【大紀元日本4月10日】パニック症候群になった人なら、思い通りにならない自分の心を知っています。自分の居場所が檻のような場所に、閉じ込められてしまうのです。見知らぬところへ出かけてゆくことが出来ません。
予期恐怖の心に打ち勝てない自分がもどかしく、パニックの予感の嵐を消し去る手立てはどこにもありません。自分の殻に閉じ込もる胡桃のような場所に、避難するしかありません。
『牧神の祝福』はアイルランドの作家ロード・ダンセイニによって、1927年に書かれた物語です。アイルランドは古くヒベルニア(ラテン語)と言われた島国です。国土の大部分は花崗岩=始原の大地におおわれ、豊富な鉛の産出量を誇っています。国土の半分近くが牧草地というお国柄です。
牧神パンはパニックの語源となったギリシャ神話の埋没神です。埋没神というのはお隠れになった神というほどの意味です。キリスト教の伝播によって、アイルランド先住の神々が忘却の彼方に葬り去られました。牧神パンはその一柱(ひとはしら)の神です。
19世紀末アイルランドの田舎町ウオルディングで、この教区を担当する司教をパニックに陥れる事件が発生します。ほどなく牧神パンが奏でるという葦笛を吹く男の子が騒動を引き起こしていることが判明します。

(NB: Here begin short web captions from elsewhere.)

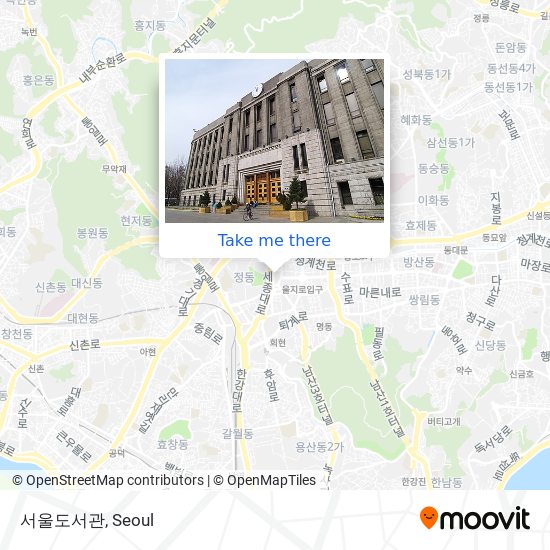 서울도서관 map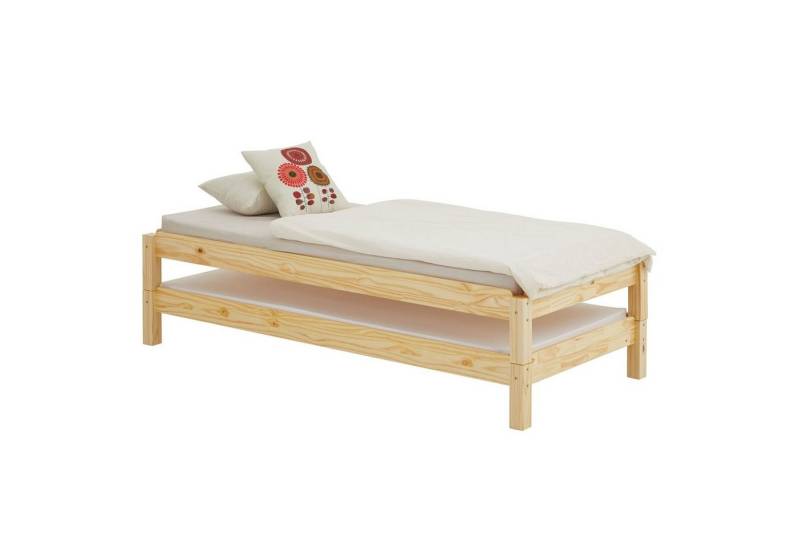 IDIMEX Funktionsbett RINO, Stapelbett 80x200 cm aus Kiefer Massivholz Kinder Gästebett aus Holz von IDIMEX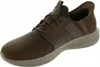 A single brown SKECHERS SLIP-INS SLADE - ZACHARY shoe is shown against a white background. Voir les images du produit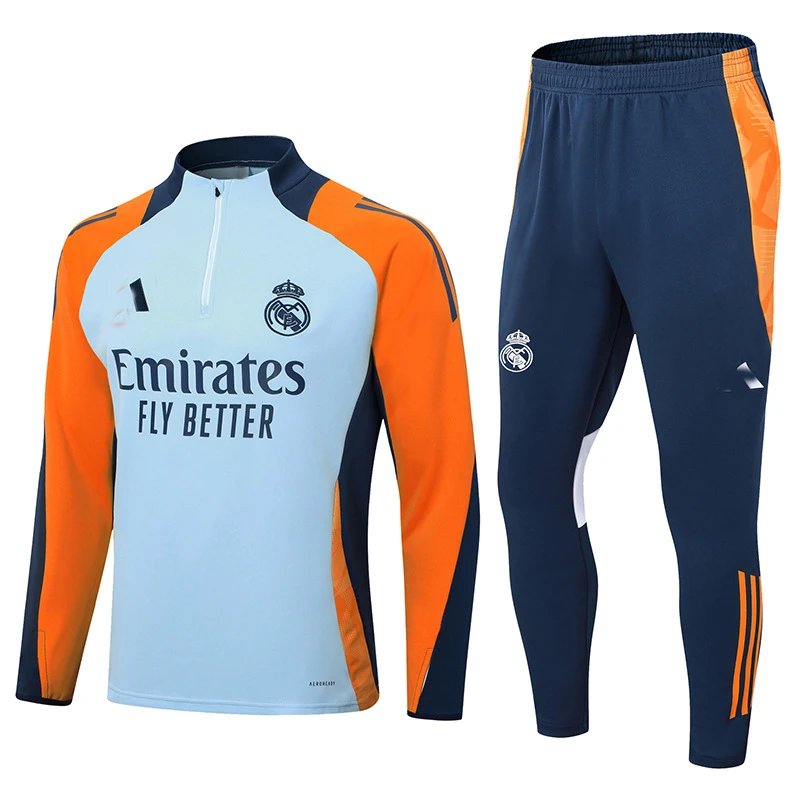 Adidas Real Madrid Training Set Light Blue/Orange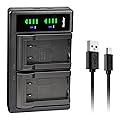 Kastar EN-EL1 / NP-800 LTD2 USB Battery Charger Replacement for Nikon Coolpix 880, Coolpix 995, Coolpix E880, Konica Minota DG-5W, Digital Dimage A200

この音色に誘われた田舎町の人々がウオルド=太古の森への郷愁を駆り立てられ、ストーンヘンジ(環状列石)のある場所へ集合します。クライマックスの場面にただ一人立ち向かう司教の手には、なぜか古代の石斧が握られていました。
異教の牧神パンの荒野の呼び声に屈するのか? 物質文明にどっぷりと飲み込まれたアイルランドの始原の森を回復するのか? パニックに陥った迷える子羊たちを救済するために司教が下した決断とは・・・、自らがパニックに陥っていることからの覚醒に他なりませんでした。
パニックから脱出する石斧の一振りを発見できれば、この物語を正確に読んだことになるでしょう。花崗岩と鉛という鉱物がもたらした始原の記憶のファンタジーから、ダンセイニはこの物語を書いたのだと私は信じています。